Lucie raconte et est racontée. La première partie du roman peine et nous perd un peu à changer ainsi de voix et d’adresse, dans une logique narrative qui m’a échappé et que j’ai trouvée laborieuse. On patauge un peu dans ce dédale d’informations, dans cette généalogie aux ramifications multiples avec en personnage central et d’emblée révélé dans son horreur le grand-père, Charles Morgenstern.
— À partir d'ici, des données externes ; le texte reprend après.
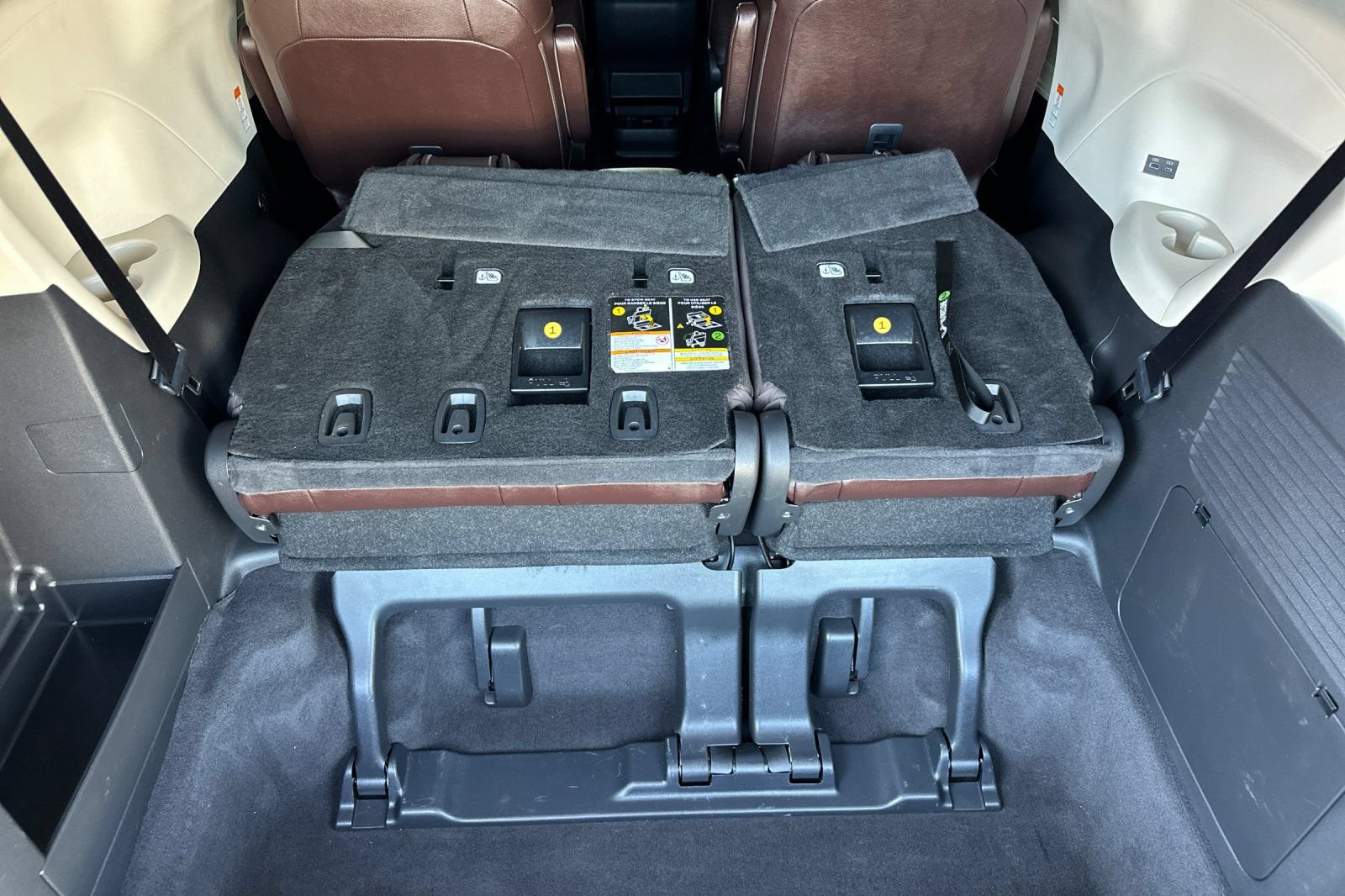 Certified 2022 Toyota Sienna Platinum FWD image 17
« J’écris avec lourdeur. J’aligne les faits. Je les organise industrieusement. Je me sens incapable de broder, d’allonger la sauce ; incapable de faire appel à mon imagination pour décrire les contextes et les lieux, le physique des personnages. Incapable ou interdite ? De page en page ce récit me paraît plus sec qu’un rapport de police. » Incapable ou interdite, la question est posée et le lecteur ressent avec l’auteure cet empêchement malgré ce qui l’habite, l’anime et l’obsède. Interdite par une mère, Hélène, tout à la fois emmurée et impériale, mutique et invasive car les blessures vivaces brûlent d’être tues et brillent leurs flammes de vouloir exister et crier une douleur non-dite. De très beaux passages parlent de cette mère ambivalente, défendue dans sa sévérité, dans sa plainte et son emprise, pour ne jamais dire sa peine mais la prôner en étendard afin de s’assurer le premier rôle et l’attache de ses enfants.
« Il me semble parfois que ma mère n’est qu’un trou noir de souffrance (…) ».
Mais à l’instar des trous noirs, toute consolation est immédiatement absorbée par sa force de gravité, ce qui alimente le système en énergie. « Tout l’art pour moi consiste à me ternir au bord de la zone d’attraction sans y tomber ». Hélène est centrale dans ce récit et nomme le chapitre de la deuxième partie intitulée « l’œuvre au noir ». Première phase d’une transformation alchimiste qui changera le plomb en or : l’enrayement de la première partie, « la quête », pour arriver à « la délivrance ». L’écriture de fait s’en ressent et devient plus fluide, plus juste, respire enfin d’être consolée.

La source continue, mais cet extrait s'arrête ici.